Die vollständige oder teilweise Übernahme einzelner Kraftfahrzeugkosten (z.B. Treibstoffkosten, Versicherungsbeiträge, Wagenwäsche) durch den Arbeitnehmer ist kein Nutzungsentgelt, das nach der tatsächlichen Nutzung bemessen wird (R 8.1 Abs. 9 Nr. 1 LStR). Dies gilt auch für einzelne Kraftfahrzeugkosten, die zunächst vom Arbeitgeber verauslagt und anschließend dem Arbeitnehmer weiterbelastet werden oder, wenn der Arbeitnehmer zunächst pauschale Abschlagszahlungen leistet, die zu einem späteren Zeitpunkt nach den tatsächlich entstandenen Kraftfahrzeugkosten abgerechnet werden.
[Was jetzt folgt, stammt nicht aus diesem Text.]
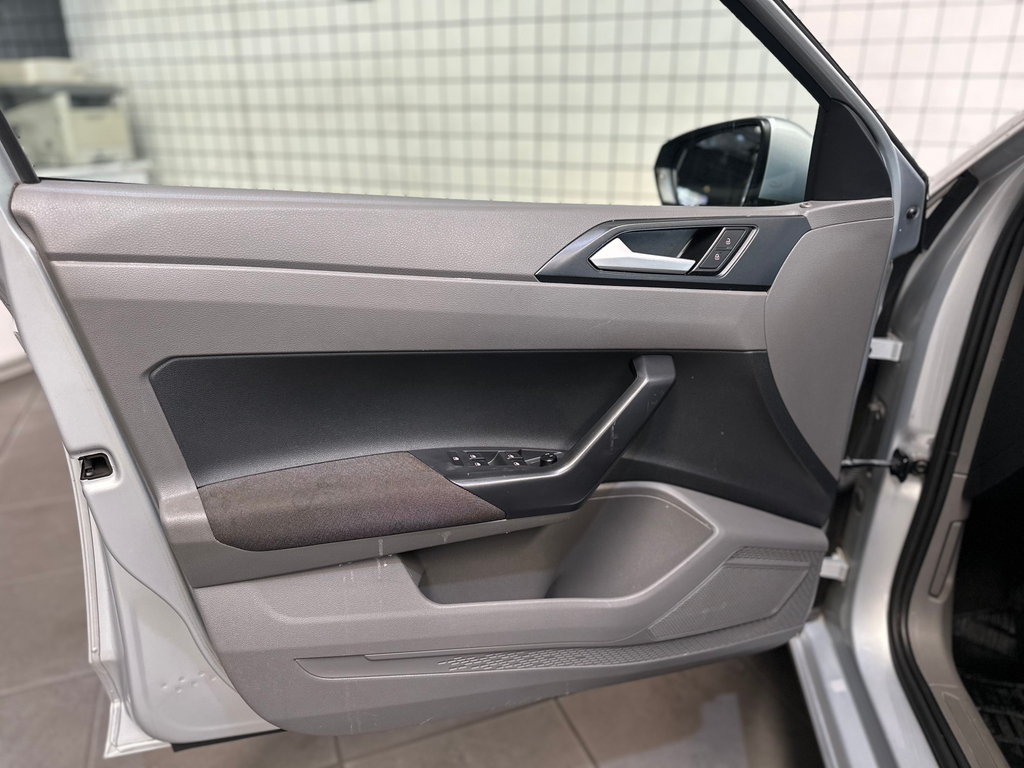 Volkswagen Polo Prata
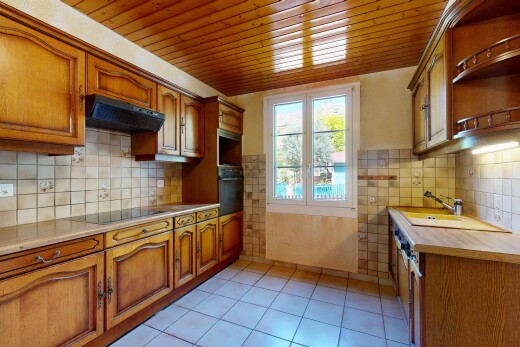 cuisine avec medium brown cabinets, armoires marron moyen, light countertops, plans de travail, et arched cabinets
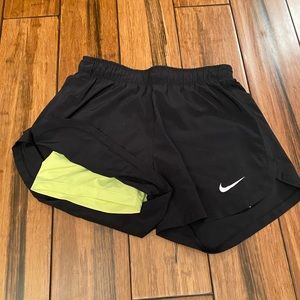 Nike women’s running shorts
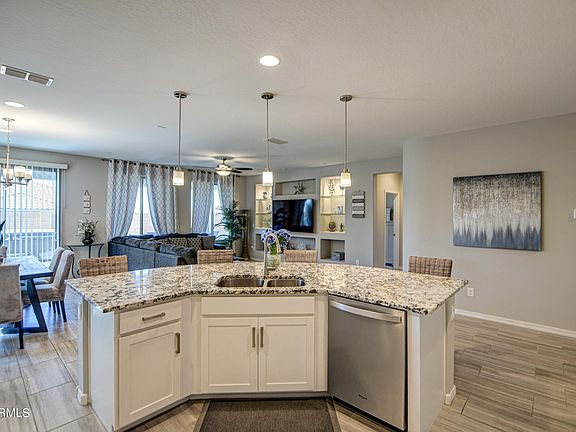 5th image of 25906 W HORSHAM Drive
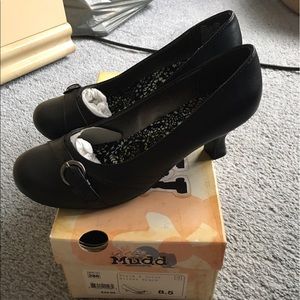 Mudd Black heels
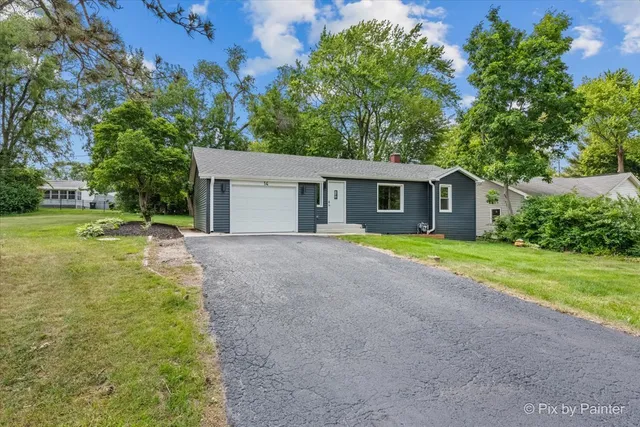 $319,000 | 14 Lakewood Drive, Oakwood Hills, IL 60013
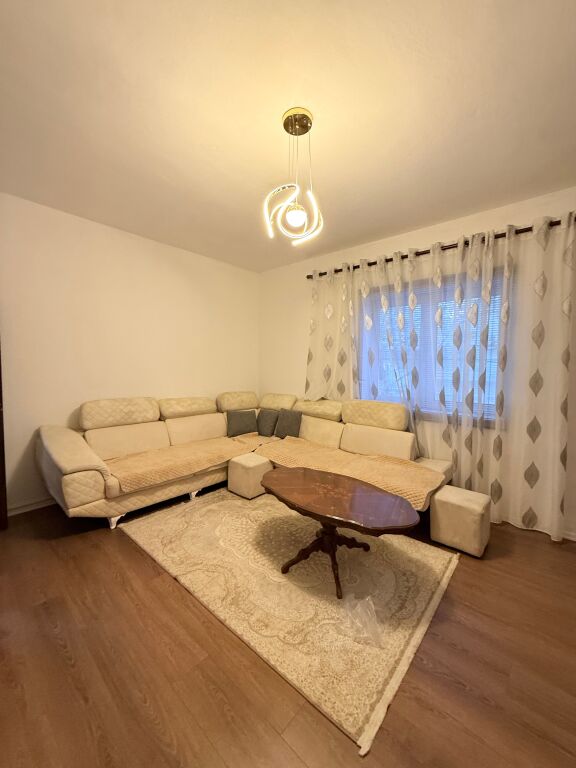 Apartament 2+1 me qera në Komuna e Parisit, Tiranë, 120 m². Foto 1 nga 3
Es handelt sich nur dann um ein Nutzungsentgelt, das den Nutzungswert mindert, wenn es arbeitsvertraglich oder aufgrund einer anderen arbeits- oder dienstrechtlichen Rechtsgrundlage arbeitsvertraglich für die Gestellung des betrieblichen Kraftfahrzeugs vereinbart worden ist. Es darf nicht die Weiterbelastung einzelner Kraftfahrzeugkosten vereinbart werden.
In Höhe des Nutzungsentgelts ist der Arbeitnehmer nicht bereichert, und die gesetzlichen Voraussetzungen des § 8 Abs. 1 EStG in Verbindung mit § 19 Abs. 1 EStG sind nicht erfüllt. Sollte das Nutzungsentgelt im Einzelfall den Nutzungswert übersteigen, führt der übersteigende Betrag weder zu negativem Arbeitslohn noch zu Werbungskosten.
Wendet der Arbeitgeber bei der Ermittlung der privaten Nutzung die 1%-Regelung an, bleiben einzelne Kosten, die der Arbeitnehmer übernimmt, unberücksichtigt.
Anstelle des pauschalen Nutzungswerts können die Kosten, die auf die außerdienstlichen Fahrten entfallen, mit den tatsächlichen Aufwendungen angesetzt werden. Mithilfe eines ordnungsgemäß geführten Fahrtenbuchs können dann die außerdienstlichen und die dienstlichen Fahrten aufgeteilt werden. Das heißt, der Arbeitgeber kann den Anteil an den Gesamtkosten, der auf die außerdienstliche Nutzung entfällt, konkret ermitteln.
Das Finanzgericht Düsseldorf vertritt die Auffassung, dass die Übernahme einzelner Kfz-Kosten durch den Arbeitnehmer sich auch bei der 1%-Methode steuermindernd auswirken müsste (Urteil vom 4.12.2014, Az. 12 K 1073/14E). Gegen dieses Urteil ist Revision beim BFH eingelegt worden (Az. VI R 2/15). Jeder, der sich in einer vergleichbaren Situation befindet, sollte Einspruch einlegen und die Aussetzung des Einspruchsverfahrens bis zur Entscheidung durch den BFH beantragen.